Ava DuVernay returns to Netflix with ‘14th’ documentary on citizenship
The Ava DuVernay “14th” documentary examines the amendment that established citizenship and equal protection after the Civil War. Ava DuVernay
The Ava DuVernay “14th” documentary examines the amendment that established citizenship and equal protection after the Civil War.
Ava DuVernay is returning to Netflix with a question that cuts at the heart of American identity: Who gets counted as a citizen?
The filmmaker has completed “14th,” a new documentary examining the 14th Amendment and the continuing battle over citizenship, equal protection, and belonging in the United States. Deadline reported that Netflix will release the film later this year, nearly a decade after DuVernay’s Oscar-nominated documentary “13th” examined slavery’s constitutional exception and its connection to mass incarceration.

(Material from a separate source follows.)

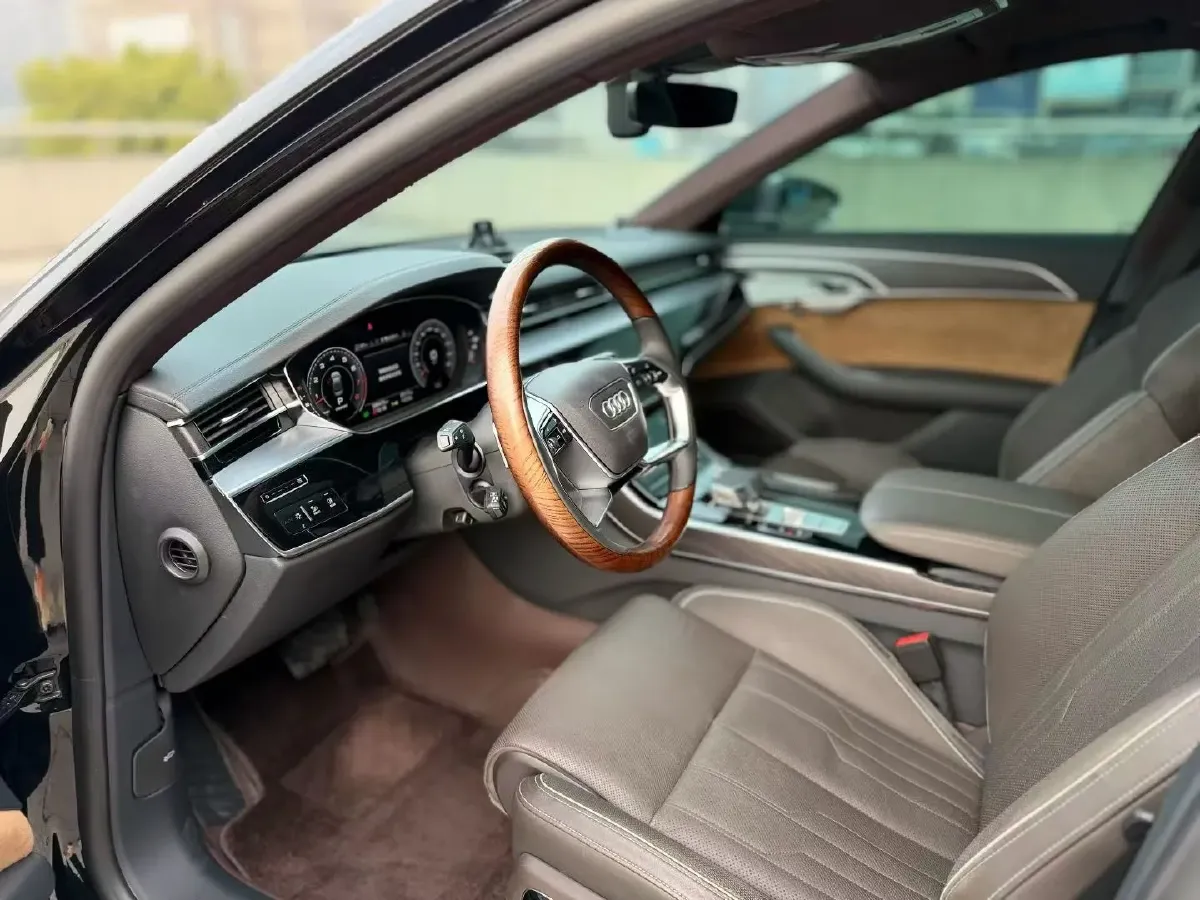 2021 Audi A8 3.0T 286HP V6 8AT,autocango,china used car exporter,china ev exporter,chinese used car exporter,chinese used ev exporter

“If ‘13th’ asked who gets caged, then ‘14th’ asks who gets counted,” DuVernay said in a statement.
The documentary traces the amendment’s more than 150-year history through politicians, historians, and cultural voices while focusing on how its promises are being tested today. DuVernay said the film asks “what kind of country is being written beneath our feet now.”

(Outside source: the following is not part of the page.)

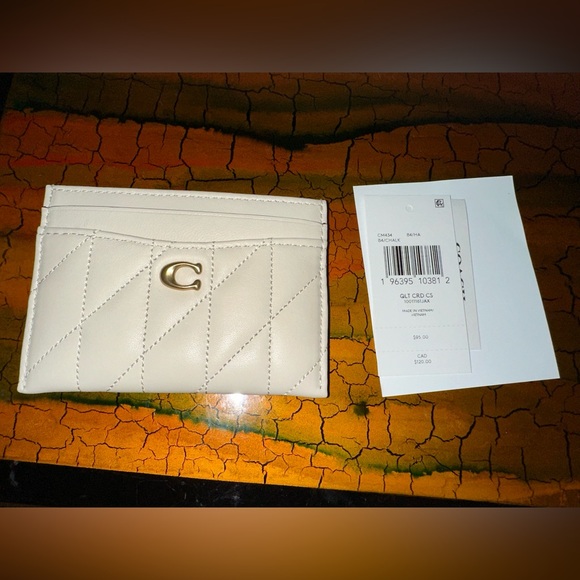 Coach Essential Card Cade with Pillow Quilting in Chalk - Picture 4 of 5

Ratified in 1868 during Reconstruction, the 14th Amendment granted citizenship to people born or naturalized in the United States and subject to its jurisdiction, while guaranteeing equal protection under the law. It also nullified the Supreme Court’s 1857 Dred Scott decision, which had denied citizenship to Black Americans.

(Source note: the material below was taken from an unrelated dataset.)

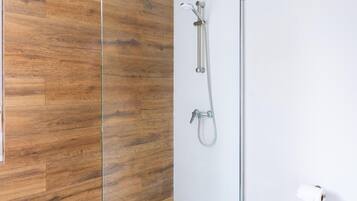 Een douche, een haardroger, handdoeken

That history returned to the center of national politics after President Donald Trump signed an executive order on the first day of his second term seeking to restrict birthright citizenship. The Supreme Court rejected the order in June by a 6-3 vote, but Trump has continued pushing Congress to challenge the constitutional protection.
The fight carries particular weight for Black Americans because the amendment was adopted after slavery to secure rights the country had long denied them. Legal experts have warned that attacks on birthright citizenship draw from the same anti-Black theories once used to argue that Black people did not fully belong in the United States.
DuVernay’s 2016 documentary “13th” examined the connection between the Constitution’s slavery exception, the criminalization of Black Americans, and mass incarceration. “14th” extends that constitutional conversation into the present, asking how citizenship itself is defined and defended.
“14th” marks DuVernay’s return to nonfiction. Her broader body of work includes “Origin,” “Selma,” and “When They See Us.”
With “14th,” DuVernay is turning the Constitution into a present-tense story about citizenship, power, and the promises Americans are still fighting to keep.